Some code is more equal than others

Originally posted to Shawn Hargreaves Blog on MSDN, Friday, March 23, 2007

Once upon a time I used to program in Perl. There, I admitted it! My dirty secret is out :-)

Perl is an odd language, and there are plenty of things not to like about it, but one thing I did like is how it is designed to let you choose your own coding style based on whatever problem you are trying to solve. Larry Wall, the creator of Perl, put this rather nicely:

[you can] choose what to optimize for, whether that's computer speed or programmer speed, verbosity or conciseness, readability or maintainability or reusability or portability or learnability or teachability. You can even optimize for obscurity, if you're entering an Obfuscated Perl contest.

I think Perl took this philosophy too far, but the basic principle of choosing what to optimize for is useful for all the code I write. I find myself doing several different kinds of programming:

Prototype code, to learn a new technology or find out whether a new idea will actually work.

Internal utilities, for instance a script that deploys new framework builds onto my Xbox, or the unit tests that make sure my code really does what I think it should.

Shipping product code, for instance the games I wrote in my previous life.

Framework APIs, such as the work I did on XNA or Allegro.

Sample code, shipped in source form for other people to learn from.

These styles of programming are obviously very different. I can write prototype code maybe twice as fast as an internal utility, while product or framework code is an order of magnitude slower.

Once you start thinking about these differences, an interesting question occurs. How can I spend less time writing product code? How can I write low-overhead internal utilities that will somehow automate or reduce the amount of slower product code development?

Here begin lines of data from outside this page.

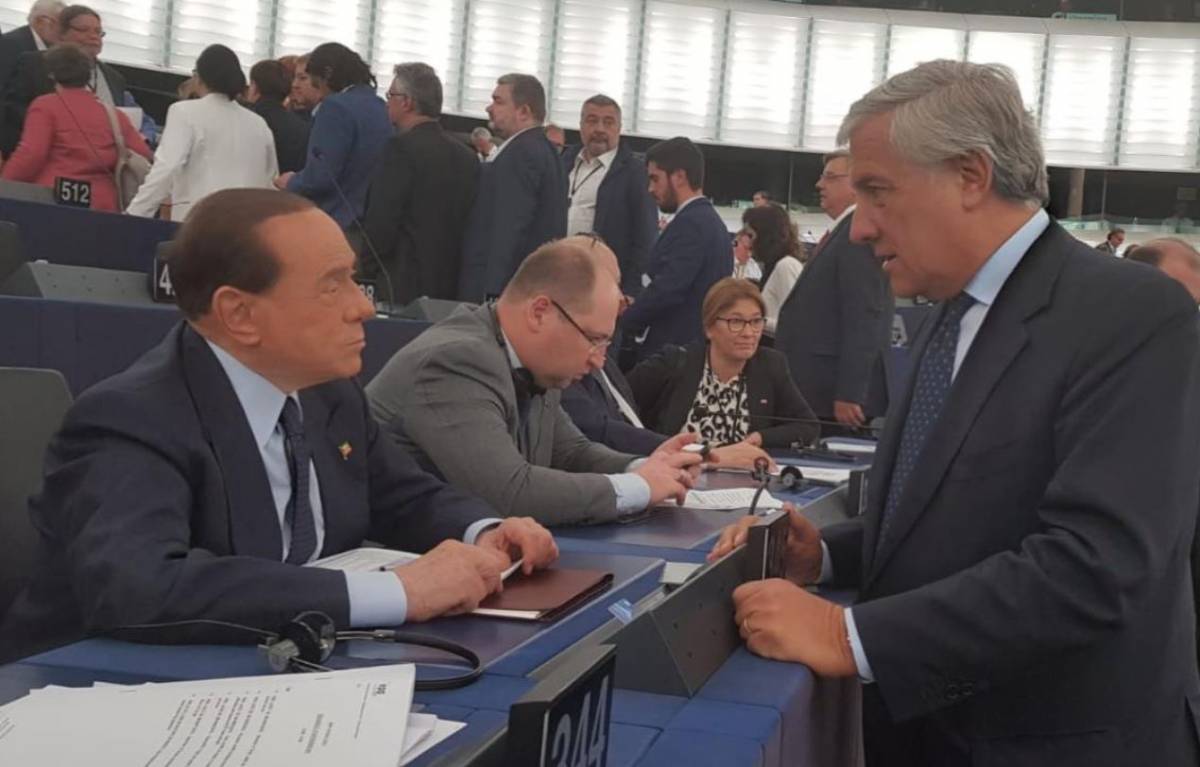 Berlusconi lancia Tajani alla vicepresidenza del Ppe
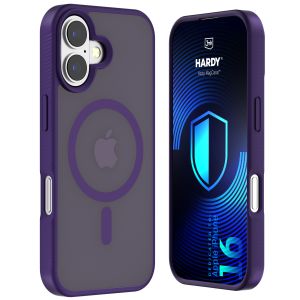 Dūminis dėklas su MagSafe, skirtas Apple iPhone 16 – 3mk HARDY® Hazy MagCase™ Purple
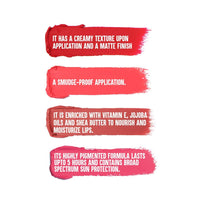 Colorbar Velvet Matte Lipstick, Hearts And Tarts 1, 4.2g | | Creamy matte finish | High Pigmented Formula | Lasts upto 5 Hours | Smudgeproof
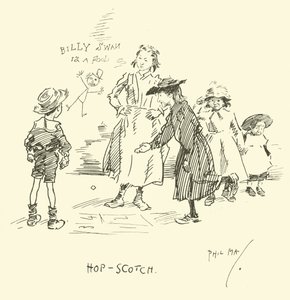 Illustration för Phil Mays Gutter-Snipes av Phil May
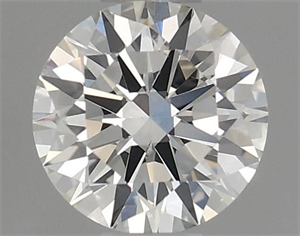 Picture of Natural Diamond 0.40 Carats, Round with Excellent Cut, H Color, VS2 Clarity and Certified by GIA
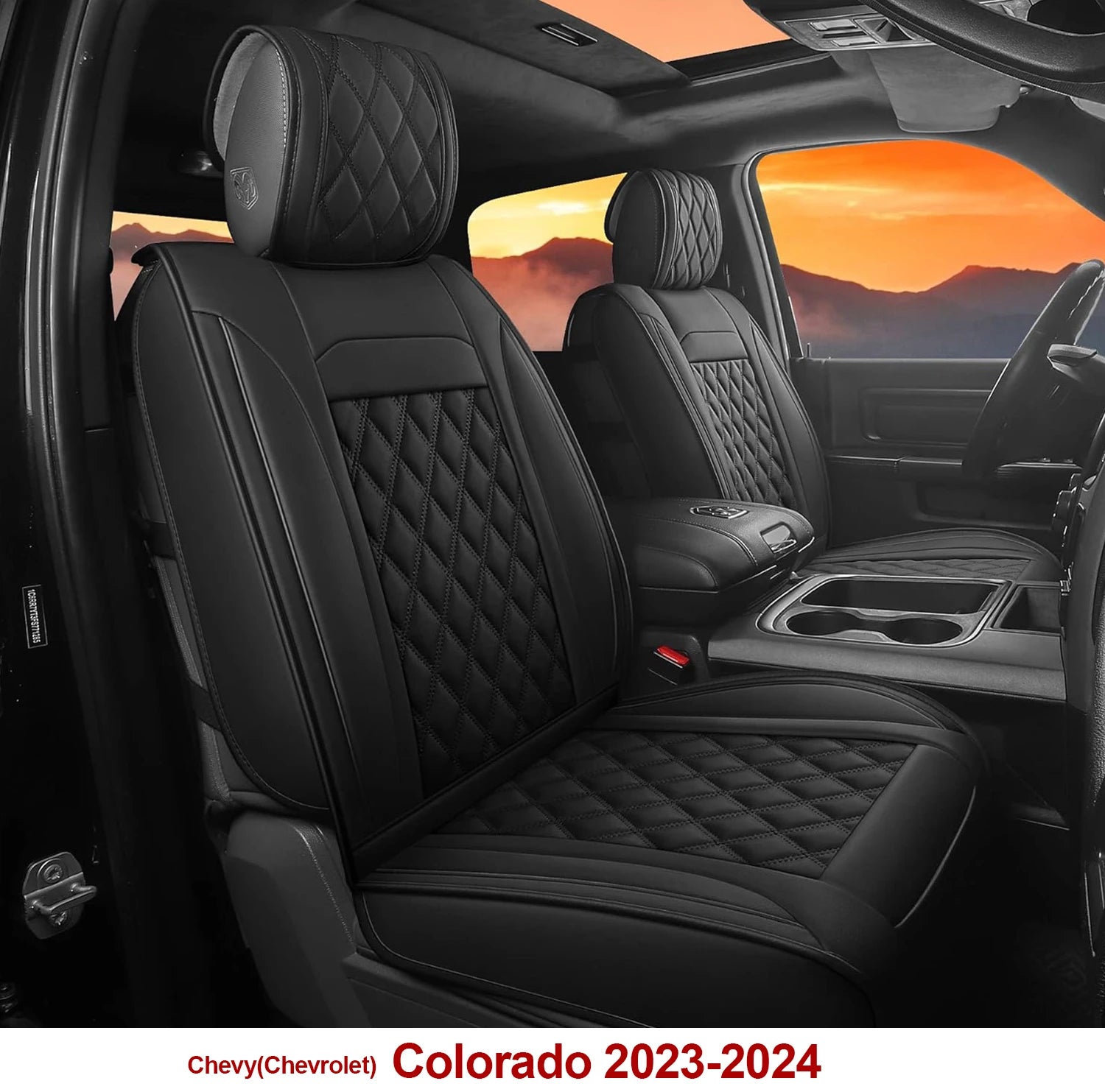 Custom Fit Leather Car Seat Covers for Chevrolet Colorado (2015–2024)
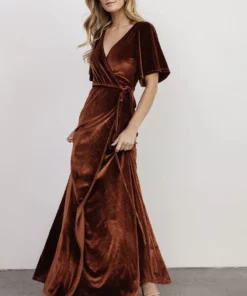 BB Custom Meghan Velvet Wrap Maxi Dress | Bronze Dresses 17 BB Custom Meghan Velvet Wrap Maxi Dress | Bronze Dresses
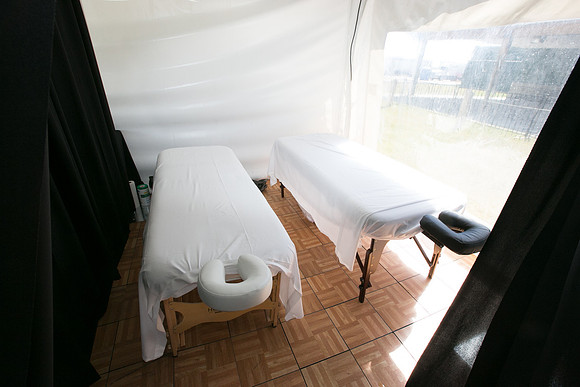 SETUP CAMP HOSPITALITY TENTS - TheRideAB - Alberta Cancer Foundation--54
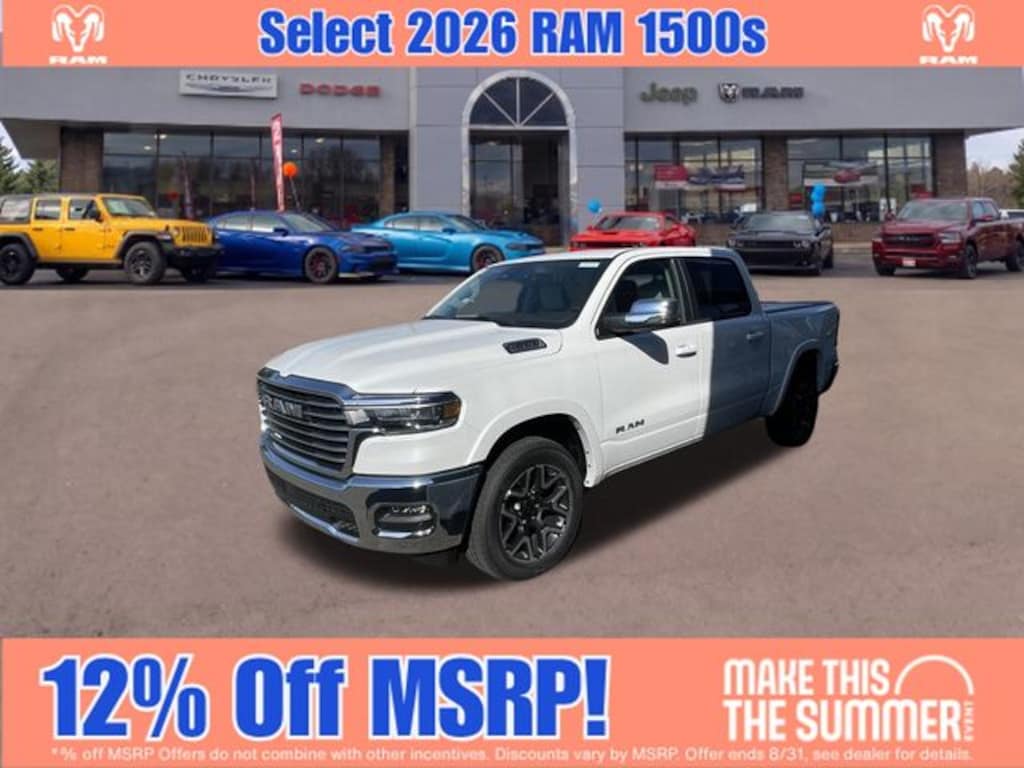 New 2026 Ram 1500 Laramie Pickup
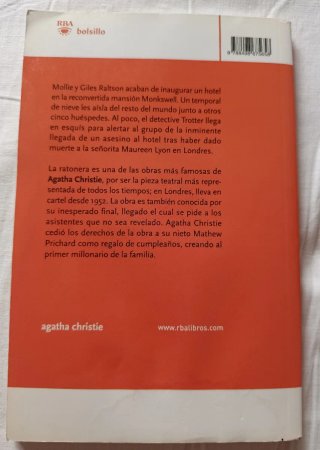 Libro La Ratonera - Agatha Christie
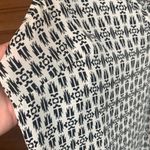 DR2 Sleeveless Tunic Blouse Black and White Top Size Small Photo 4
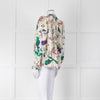 Munthe Cream Floral Silk Blouse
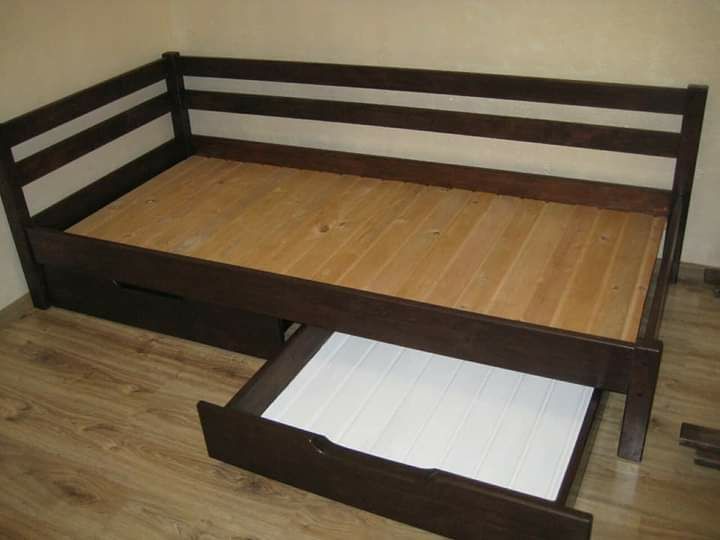 Дерев'яні ліжка. Ясен/сосна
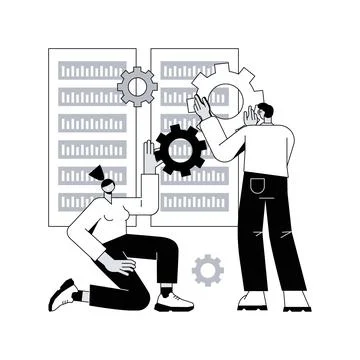 Big data tools abstract concept vector illustration. Stock Illustration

This is one of the reasons I like having a content pipeline that separates build time data processing from my runtime game code. The more computations I can move from my game into a custom content processor, the less product code I have to write. Processors are internal utilities that only ever have to run on my computer, so I can get away with all kinds of shortcuts that would never be acceptable if I was doing this processing as part of my shipping game code.